Life is full of firsts. Many of these first times will compose some of the best moments of your life. From a first kiss to the first time away from home, these events can shape the way you see life, helping to mold you into who you are and what you want to do.
For music fans, that first concert can be heaven.
I’ll always remember when my dad took me to see Barenaked Ladies and Alanis Morissette at Blossom Music Center. The air seemed so alive in Cuyahoga Falls, Ohio, with the amphitheatre buzzing with excited Ohioans, as well as a smattering of dedicated Canadians.
After that show, I was hooked. I began reading up on the latest releases, scouring “best of” lists, and devoting my ears to the bands I’d never heard of before. I had just started getting into music not long before then, but now that I was exposed to this experience, I needed more – more new music, more live shows, more of what I had felt at Blossom. From searching the web for the latest obscure cover to hosting my own radio show just because I love sharing the music I immerse myself into, my life is one big Pandora station. That show was the beginning of a musical addiction that I gladly bear today.
If a single concert can have such an impact on a person, imagine what a weekend full of them can do.

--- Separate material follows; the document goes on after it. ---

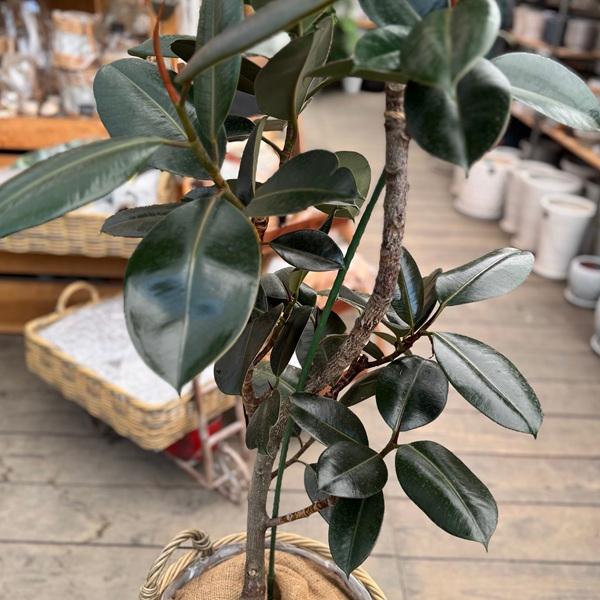 フィカス　バーガンディ　曲がり仕立て　グラファイトストーム陶器鉢　植え込み発送 フィカス バーガンディ 曲がり仕立て グラファイトストーム陶器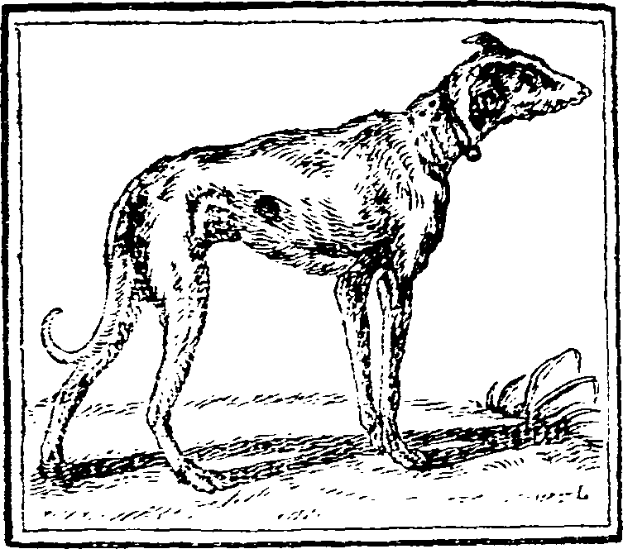 Eine Schwarz-Weiß-Zeichnung eines Greyhounds, der auf dem Boden steht und einen Gürtel um den Hals trägt, mit Text unten im Bild.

Music festivals are the musical Mecca for concertgoers. People travel far and wide to attend any of the hundreds of music festivals in the world for a chance to see a collection of bands play in a single locale. From Glastonbury, which draws 175,000 people a day, to Water Hill, where anyone can play on a nearby porch, music festivals are as diverse as they are abundant.
Despite all the choices, sometimes people never realize what events they are missing. Add in that whole “having to work” issue and it can be downright frustrating to make time for that musical vacation that everyone should treat themselves to. Even with all the inconveniences standing in the way between you and fun, John Mathews, the afternoon drive host on Z102.3 and experienced festival fan, thinks you should make time.
“It’s something someone should do at least once in their life to know what that experience is like,” Mathews said. “I love music festivals, because there are bands that I want to see, and then there’s bands that I would see in that situation because I’m a music fan and I enjoy it. I’m not someone that’s going to walk away from music I don’t know. If I hear it, I’m open-minded to hear what it sounds like.”
Sadly, everyday life can get in the way of this experience. Luckily for you, the Erie Reader is here to help.
It’s time for a road trip.
Here’s my plan. We’re all going to quit our jobs and go on a three-month adventure, driving from music festival to music festival to seek out some of the best shows in the world. Shows will be as far as Manchester, Tenn. to as close as downtown Erie. We will not tire, we will not give up, and we will have the time of our lives.
…or you can just pick out the festivals that interest you and go to them. That’s cool, too.
So how shall our trip begin? Well, I say let’s start with a bang. It’s Bonnaroo time.
The Bonnaroo Music and Arts Festival is the farthest drive from Erie on our list, clocking in at 11 hours. While the distance may concern some, attending the four-day outdoor fest can be a near religious experience for music buffs. Starting on Thursday, June 7, Bonnaroo hosts dozens of bands ranging from indie to hip hop, electronic, bluegrass, and more. With headlining acts such as Radiohead and The Beach Boys, the 100-degree heat and lack of showering is a small price to pay for a plethora of sonic pleasure.
I understand if you’re not sold on the idea just yet. A music festival can be an intimidating thing, especially one that corrals 40,000 people on a 700-acre piece of farmland in Tennessee. The hot, sweaty days of camping may seem discouraging. Even Gabe Simon, guitarist and vocalist for the Kopecky Family Band, a six-piece indie rock band that’s played everywhere from Bonnaroo to South by Southwest, had his reservations at first.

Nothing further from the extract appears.